### Task description
Leave out the pictures, and quote exactly the lines running from the one with "this 752×423 image." through the last line of the entries below.
*** Opening of Task inputs ***
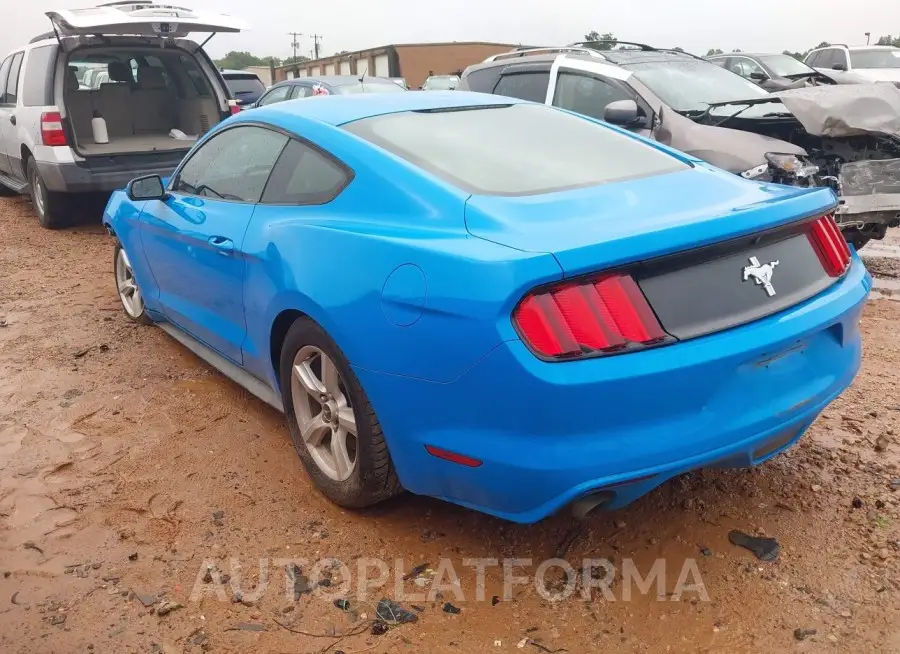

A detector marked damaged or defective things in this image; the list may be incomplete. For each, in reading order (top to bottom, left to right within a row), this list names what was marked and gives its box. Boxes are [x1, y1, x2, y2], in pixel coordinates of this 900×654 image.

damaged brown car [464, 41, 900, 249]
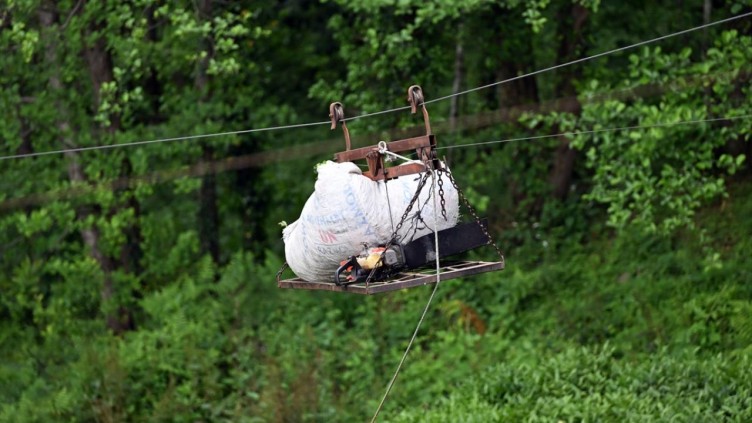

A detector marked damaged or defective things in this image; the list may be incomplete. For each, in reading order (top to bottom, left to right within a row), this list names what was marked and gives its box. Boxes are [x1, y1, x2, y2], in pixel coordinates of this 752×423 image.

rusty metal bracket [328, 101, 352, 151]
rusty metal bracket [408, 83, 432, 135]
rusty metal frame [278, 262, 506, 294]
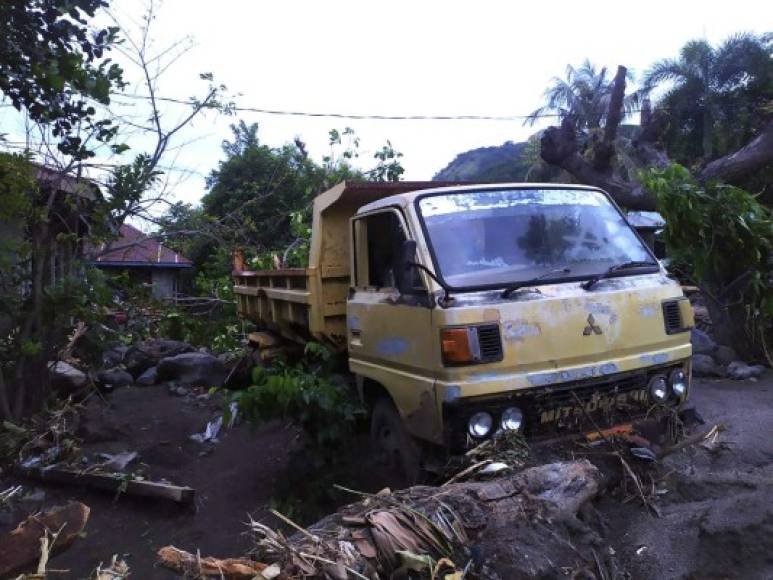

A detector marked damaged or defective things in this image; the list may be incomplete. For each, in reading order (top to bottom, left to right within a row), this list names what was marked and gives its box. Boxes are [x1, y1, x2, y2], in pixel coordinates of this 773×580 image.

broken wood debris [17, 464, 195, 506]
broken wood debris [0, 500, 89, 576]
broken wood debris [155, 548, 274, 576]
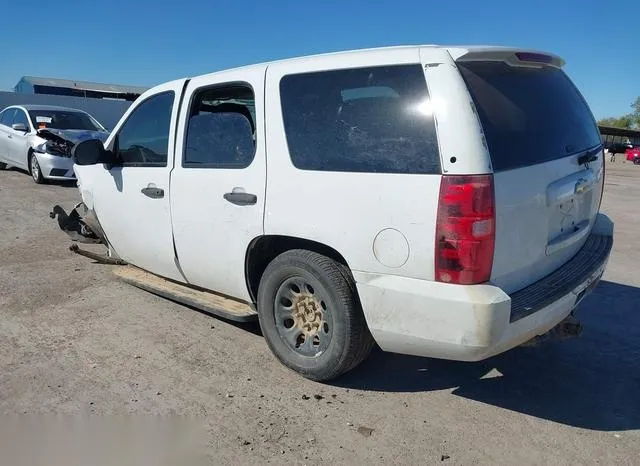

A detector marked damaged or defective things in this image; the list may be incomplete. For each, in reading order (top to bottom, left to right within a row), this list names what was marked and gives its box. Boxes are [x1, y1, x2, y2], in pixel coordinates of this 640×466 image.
*** Close of Task inputs ***
### Solution to this task
A detector marked damaged or defective things in this image; the list may be incomplete. For each, in reading order (top to bottom, left to right within a row), this list names what was marked and gives its box. Boxes are [x1, y1, x2, y2], in pixel coordinates of this 752×423 image.

rusty metal bracket [328, 101, 352, 151]
rusty metal bracket [408, 83, 432, 135]
rusty metal frame [278, 262, 506, 294]

A detector marked damaged or defective things in this image; the list may be incomplete. For each, in reading order (top to bottom, left to right within a row), this list names what was marked and gives its box. Boxes are [x1, y1, x2, y2], in pixel coordinates of this 773×580 image.

broken wood debris [17, 464, 195, 506]
broken wood debris [0, 500, 89, 576]
broken wood debris [155, 548, 274, 576]

A detector marked damaged or defective things in this image; the list may be incomplete. For each, in reading order (top to bottom, left to right within a row), this list names what was marked and gives its box. Boxes are [x1, y1, x2, y2], in pixel coordinates of this 640×466 image.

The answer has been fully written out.